Consumes in-line whitespace (spaces, tabs, form-feed, vertical tab, carriage return) and backslash-newline line continuations without emitting anything. The "\" line continuation lets Io code split a long message across lines.

IoLexer_readSeparatorChar(self)

One iteration of readSeparator: either a whitespace character (excluding newline) or a `\` followed by optional whitespace and a newline. The backslash-newline sequence is what gives Io its explicit line continuation.

IoLexer_readSlashSlashComment(self)

Consumes `// ... \n` line comments. The trailing newline is left in the stream so readTerminator can still treat it as a statement end.

IoLexer_readSlashStarComment(self)

Consumes a `/* ... *\/` block comment, including nested openers — the nesting counter lets code embed a block comment inside another. On unterminated input, attaches "unterminated comment" to the current or synthesised error token.

IoLexer_readString_(self, s)

Byte-level prefix match against `s`. On match, advances `current` by len(s) and returns 1; on mismatch returns 0 without moving. Used by the quote and comment readers to detect openers / closers.

IoLexer_readSymbol(self)

Tries each symbol kind in sequence (number, operator, identifier, quote) and returns 1 on the first match. Order matters: numbers and operators are checked before identifiers so `-1` doesn't get eaten as an identifier and `0x10` beats the generic digit-letter run.

IoLexer_readTerminator(self)

Recognises statement terminators (newline or semicolon runs, possibly interleaved with separator whitespace) and emits a single synthesised ";" TERMINATOR_TOKEN. Collapses adjacent terminators so a blank line doesn't produce two semicolons for the parser to deal with.

IoLexer_readTokenChar_type_(self, c, type)

If the next byte is `c`, emit a one-byte token of the given type. Used for punctuation: `(`, `,`, `)`, `[`, `]`, `{`, `}`.

IoLexer_readTokenChars_type_(self, chars, type)

Tries each character in `chars` in turn and emits the first that matches as a single-char token of the given type. Used for reading matched-bracket families like "([{" or ")]}".

IoLexer_readTokenString_(self, s)

If the source starts with literal string `s`, advance and emit it as an IDENTIFIER_TOKEN. Currently unused in the main grammar path but available for extension lexers.
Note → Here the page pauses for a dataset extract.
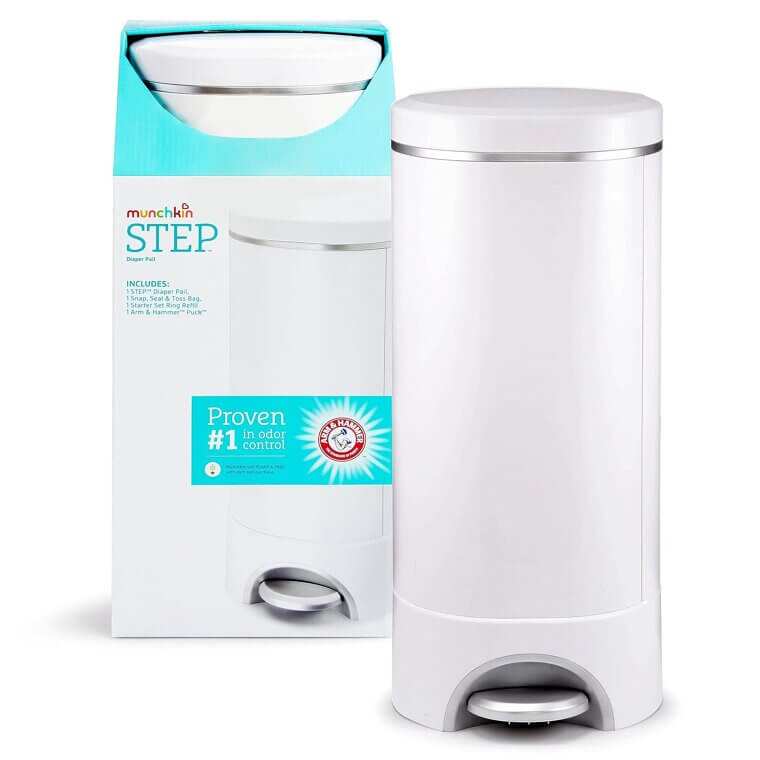 Munchkin STEP Diaper Pail - Award-Winning Odor Control - Don’t Miss the 5% Discount!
IoLexer_readTriQuote(self)

Reads a `"""..."""` raw-string literal. Backslashes are left untouched in the span; the parser hands it to IoSeq_rawAsUntriquotedSymbol to strip the triple delimiters. Emits TRIQUOTE_TOKEN on success.

IoLexer_readWhitespace(self)

Consumes any run of whitespace (including newlines) without emitting tokens. Unlike readSeparator this swallows newlines, so it is used only where line breaks are insignificant — inside readPadding between structural tokens.

IoLexer_string_(self, string)

Replaces the source buffer with a copy of `string`, resets `current` to its start, and rebuilds the line index so currentLineNumber is ready. Must be called before IoLexer_lex.

_IoLexer_DecodeUTF8(s)

Decodes one UTF-8 sequence (1-6 bytes per RFC 3629 plus the legacy 5/6-byte extensions) into a uchar_t code point. Validates continuation bytes and the disallowed-overlong ranges; returns INVALID_CHAR on malformed input. Used only by IoLexer_nextChar / IoLexer_prevChar.